Unincorporated community in the state of Oregon, United States

West Slope is an unincorporated suburb, neighborhood of Beaverton, Oregon, United States and a census-designated place. It is in Washington County, to the east of Cedar Hills, to the northwest of Raleigh Hills and south of U.S. Route 26. Fire protection and EMS services are provided through Tualatin Valley Fire and Rescue.

As of the 2020 census, West Slope had a population of 7,223.

In a plan agreed to by the county and Beaverton, West Slope was scheduled for annexation to Beaverton by 2010.
==Geography==
According to the United States Census Bureau, the neighborhood has a total area of 1.7 sqmi, all land.

==Education==
The majority is in the Beaverton School District 48J. A portion to the northwest is in the Portland School District 1J.

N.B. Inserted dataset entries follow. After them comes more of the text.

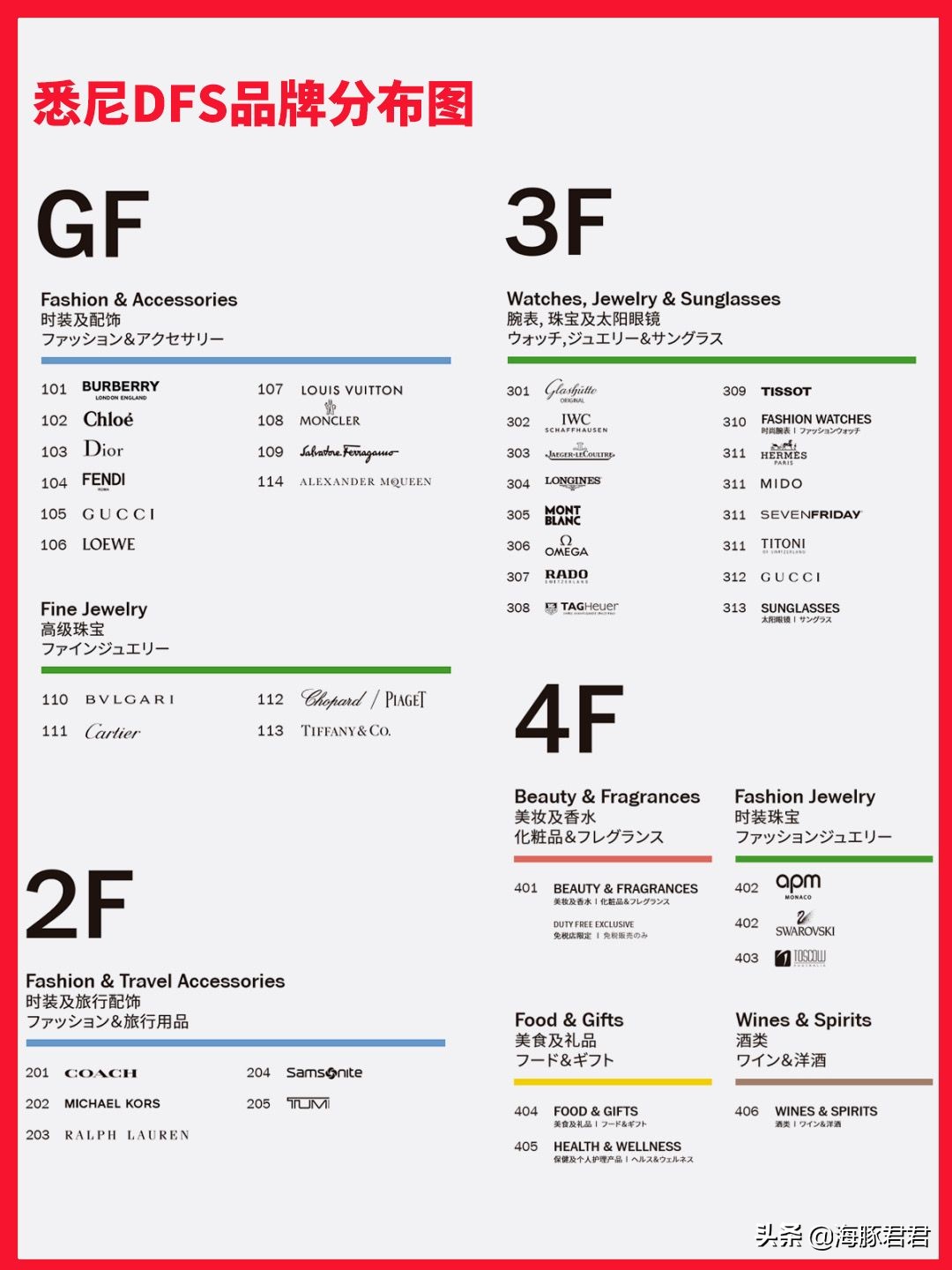 2020英国最全购物攻略,澳大利亚旅游攻略20天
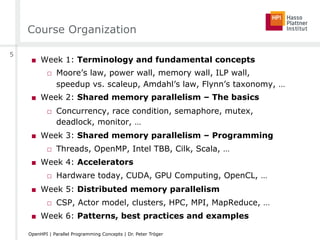 Course Organization
■  Week 1: Terminology and fundamental concepts
□  Moore’s law, power wall, memory wall, ILP wall,
speedup vs. scaleup, Amdahl’s law, Flynn’s taxonomy, …
■  Week 2: Shared memory parallelism – The basics
□  Concurrency, race condition, semaphore, mutex,
deadlock, monitor, …
■  Week 3: Shared memory parallelism – Programming
□  Threads, OpenMP, Intel TBB, Cilk, Scala, …
■  Week 4: Accelerators
□  Hardware today, CUDA, GPU Computing, OpenCL, …
■  Week 5: Distributed memory parallelism
□  CSP, Actor model, clusters, HPC, MPI, MapReduce, …
■  Week 6: Patterns, best practices and examples
5
OpenHPI | Parallel Programming Concepts | Dr. Peter Tröger
 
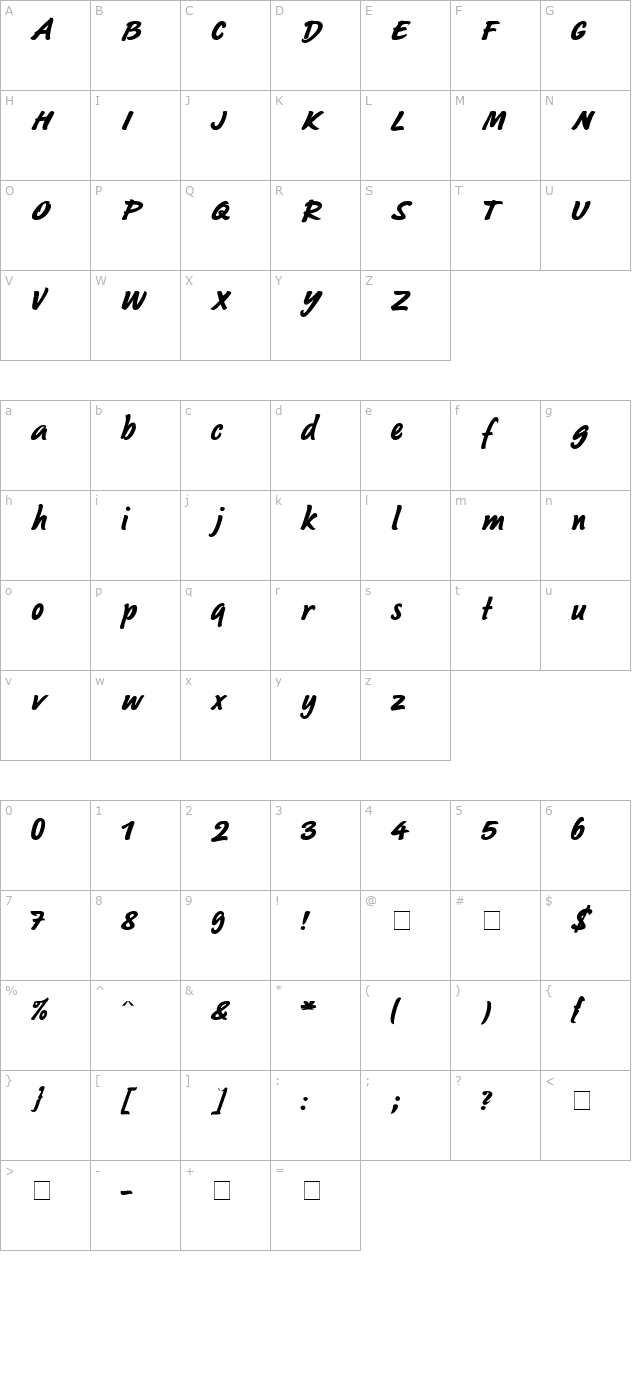 sayer-script-mn character map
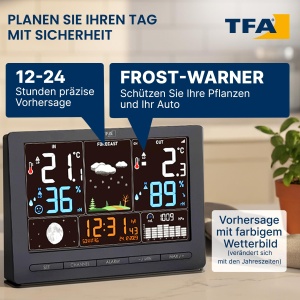 Statie Meteo Digitala TFA Dostmann Season 2, Afisaj Colorat, Termometru si Higrometru - Img 3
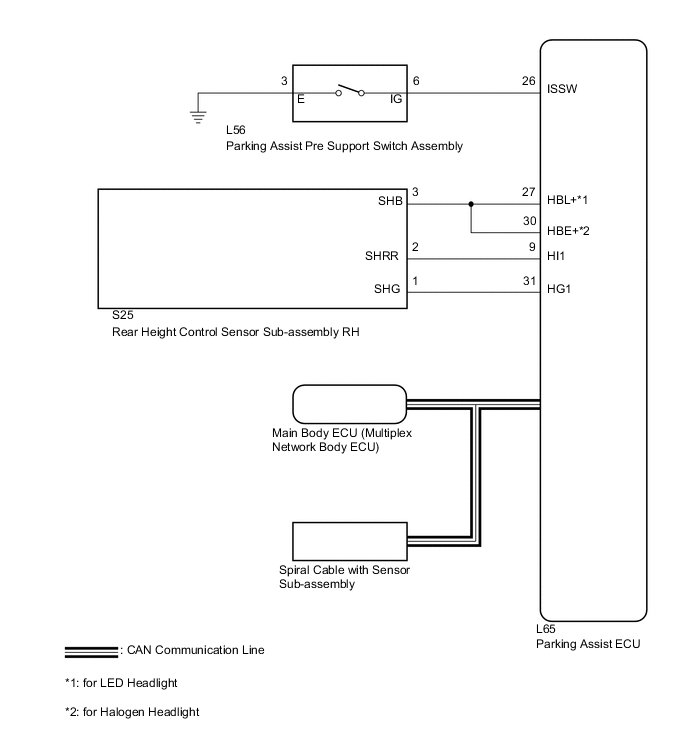 A005EZSE03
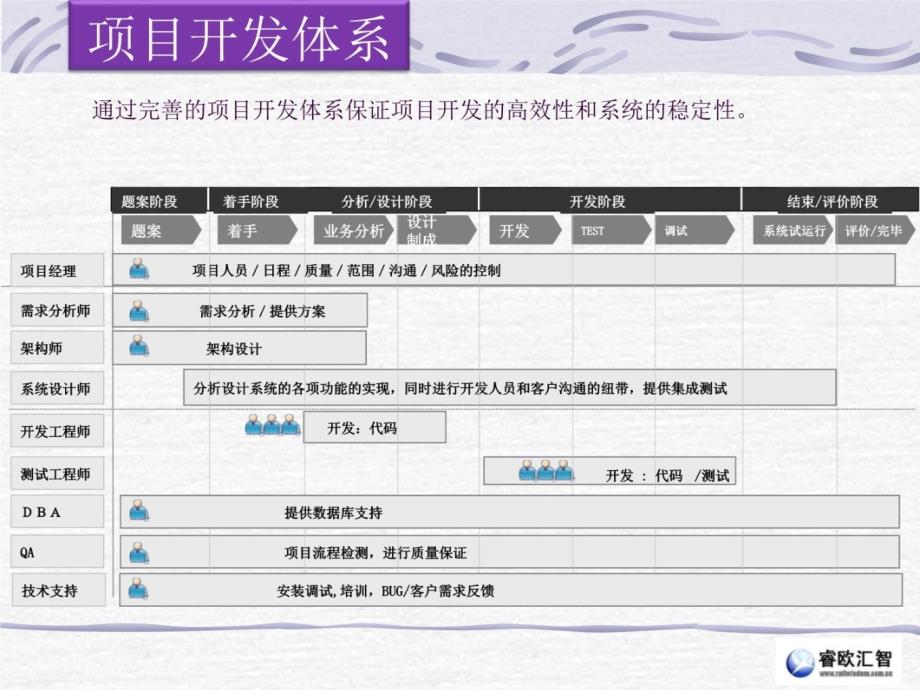 北京软件外包公司---北京睿欧汇智信息技术有限公司简介演示教学_第4页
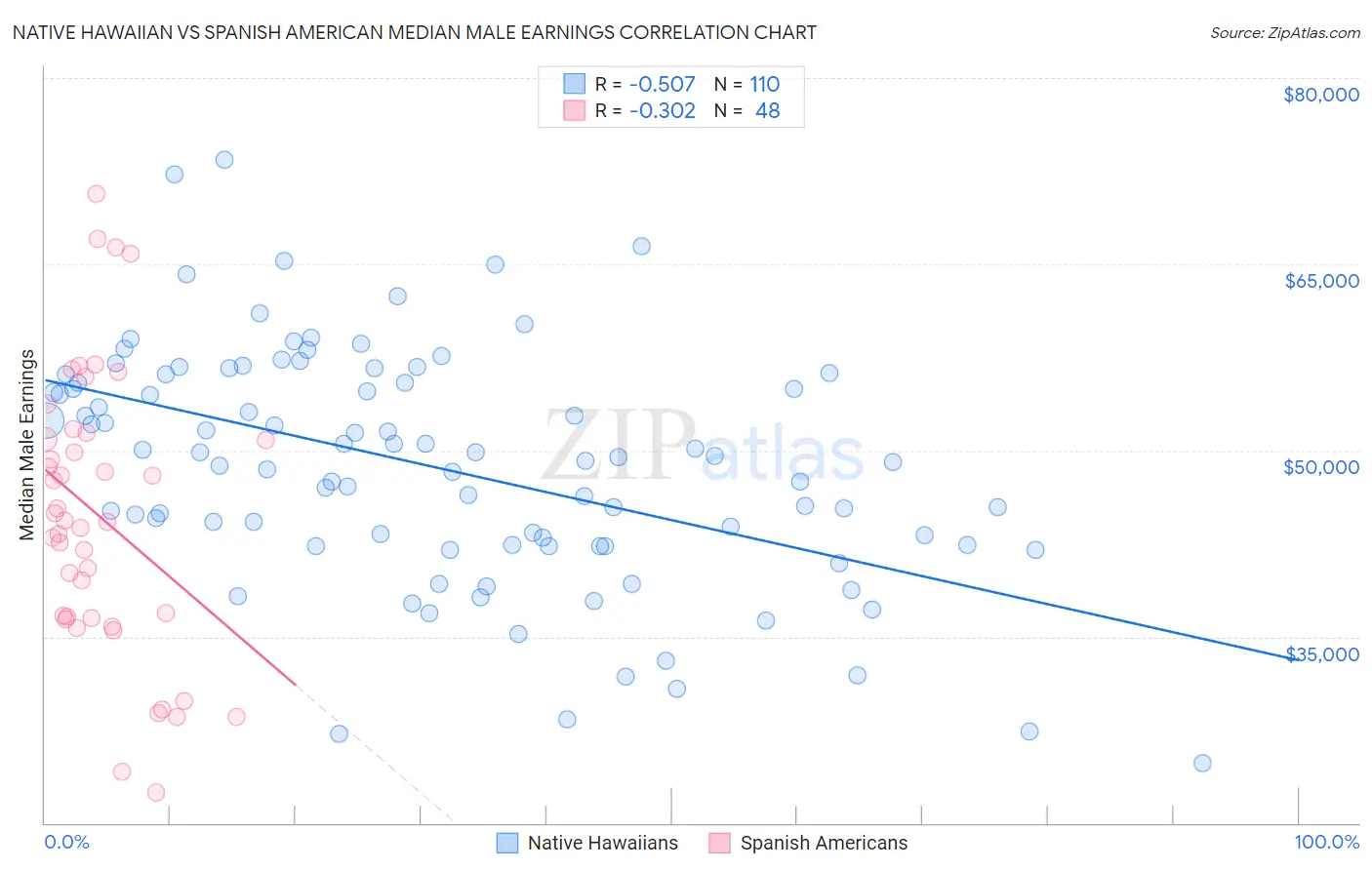 Native Hawaiian vs Spanish American Median Male Earnings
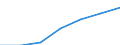 Unit of measure: Number / Age class: Total / Sex: Total / Country of citizenship: EU28 countries (2013-2020) except reporting country / Geopolitical entity (reporting): Germany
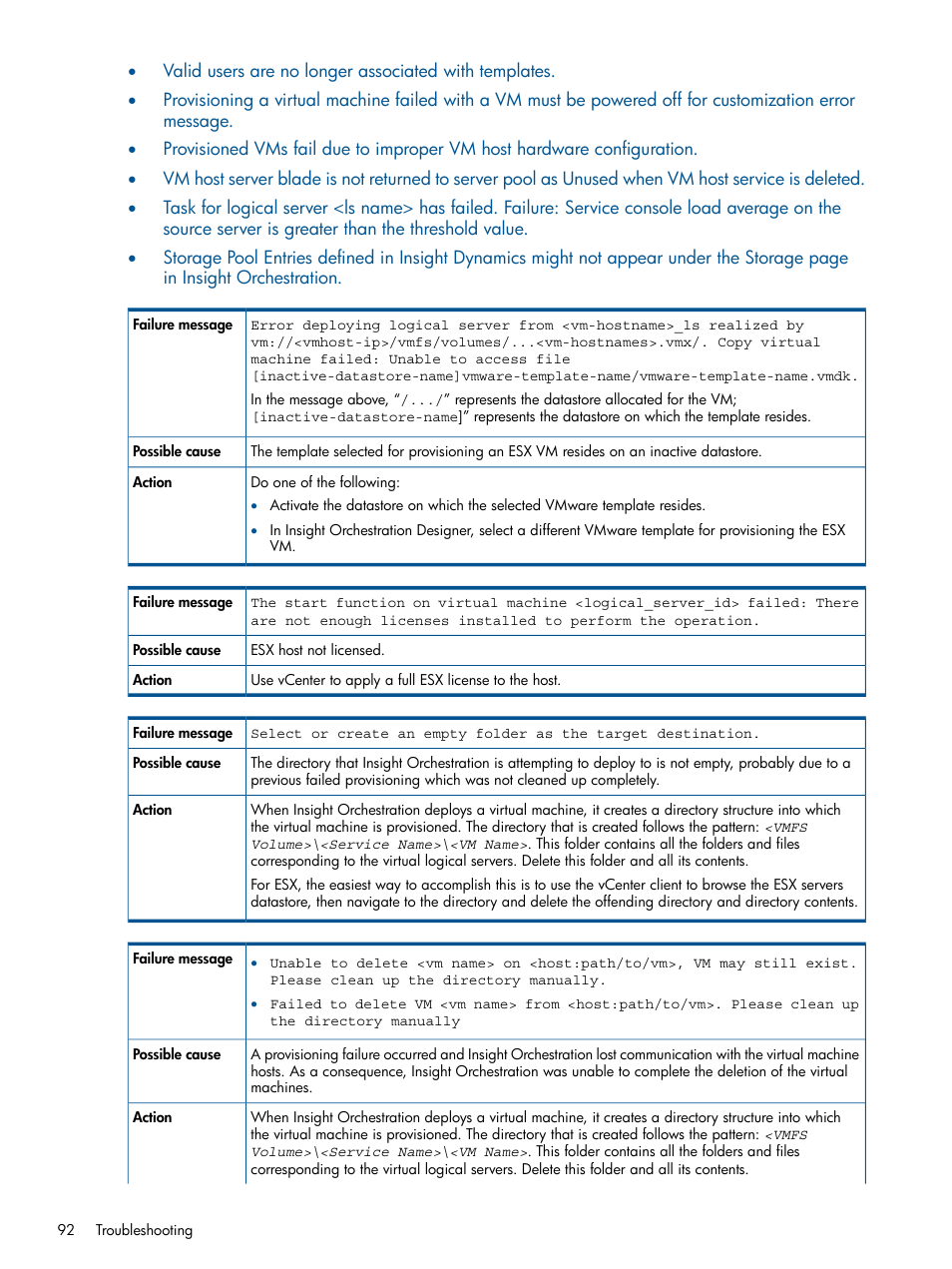 HP Matrix Operating Environment Software User Manual | Page 92 / 137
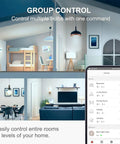 WiFi Smart LED Bulbs 100W Equivalent 1500 Lumen Dimmable A19 Daylight 5000K With No Hub Needed, Works With Alexa and Google Assistant, app control display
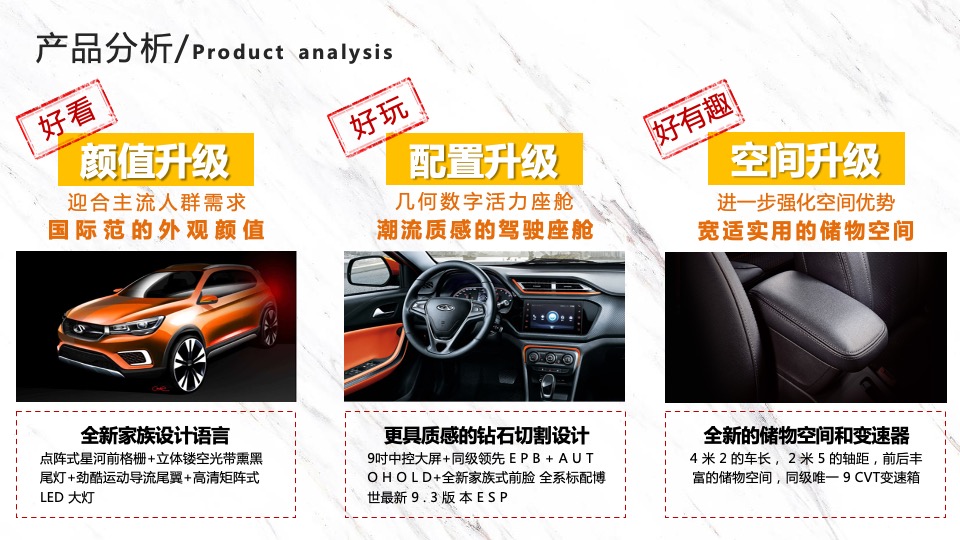 瑞虎3x PLUS Shopping Mall 四城联动上市活动策略规划方案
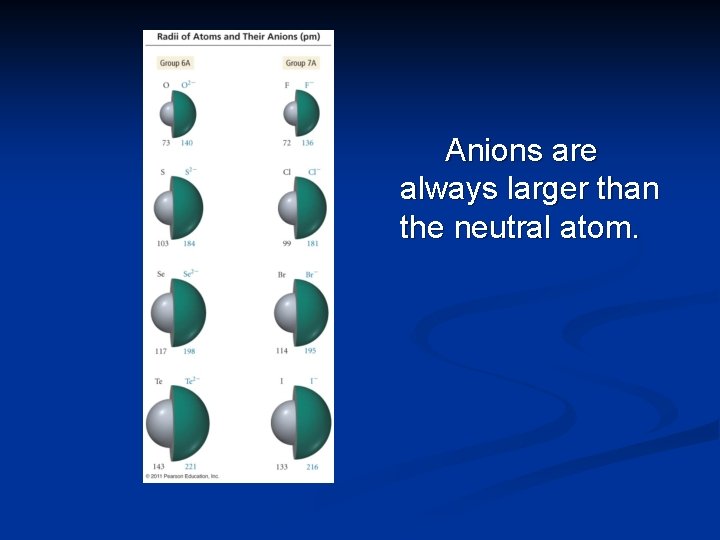 Anions are always larger than the neutral atom. 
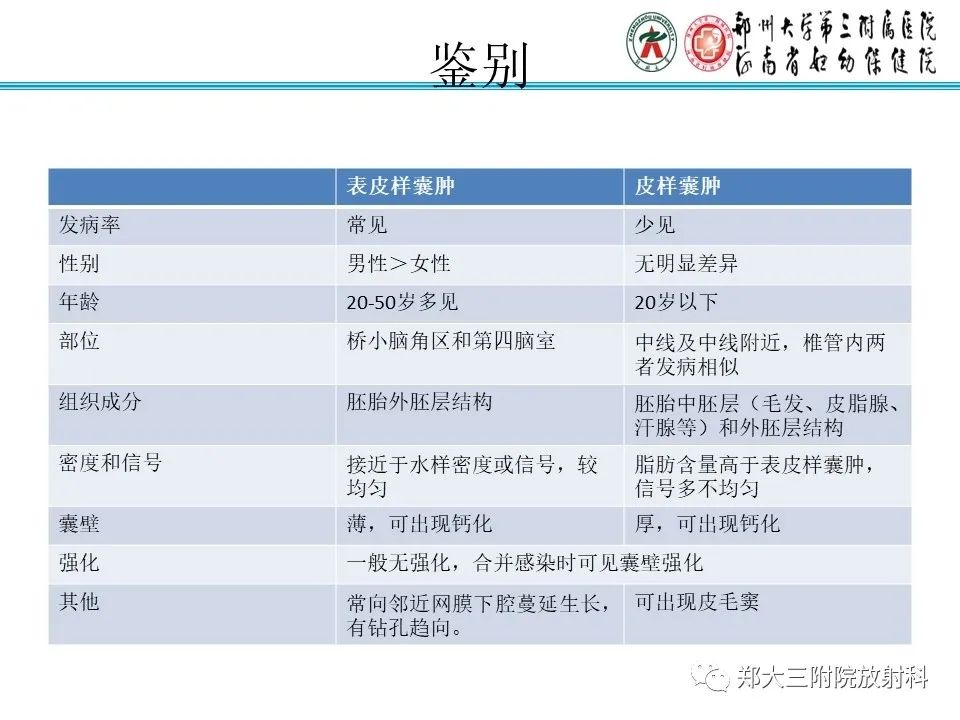 影像PPT - 【PPT】皮样囊肿与表皮样囊肿的鉴别-34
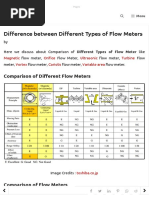 Difference Between Different Types of Flow Meters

West Sylvan Middle School is located in West Slope south of U.S. Route 26. In the public school district, most children will attend either Raleigh Park Elementary, Ridgewood Elementary, or William Walker elementary schools. Middle school students will mostly enter either Whitford Middle School or Cedar Park Middle School. High school students will typically attend Beaverton High School.

==Demographics==

As of the census of 2000, there were 6,442 people, 2,873 households, and 1,643 families residing in the neighborhood. The population density was 3,727.1 PD/sqmi. There were 3,057 housing units at an average density of 1,768.7 /sqmi. The racial makeup of the neighborhood was 88.70% White, 4.30% Asian, 1.44% African American, 0.70% Native American, 0.16% Pacific Islander, 2.22% from other races, and 2.48% from two or more races. Hispanic or Latino of any race were 4.77% of the population.

There were 2,873 households, out of which 26.2% had children under the age of 18 living with them, 45.9% were married couples living together, 7.8% had a female householder with no husband present, and 42.8% were non-families. 32.1% of all households were made up of individuals, and 8.4% had someone living alone who was 65 years of age or older. The average household size was 2.22 and the average family size was 2.85.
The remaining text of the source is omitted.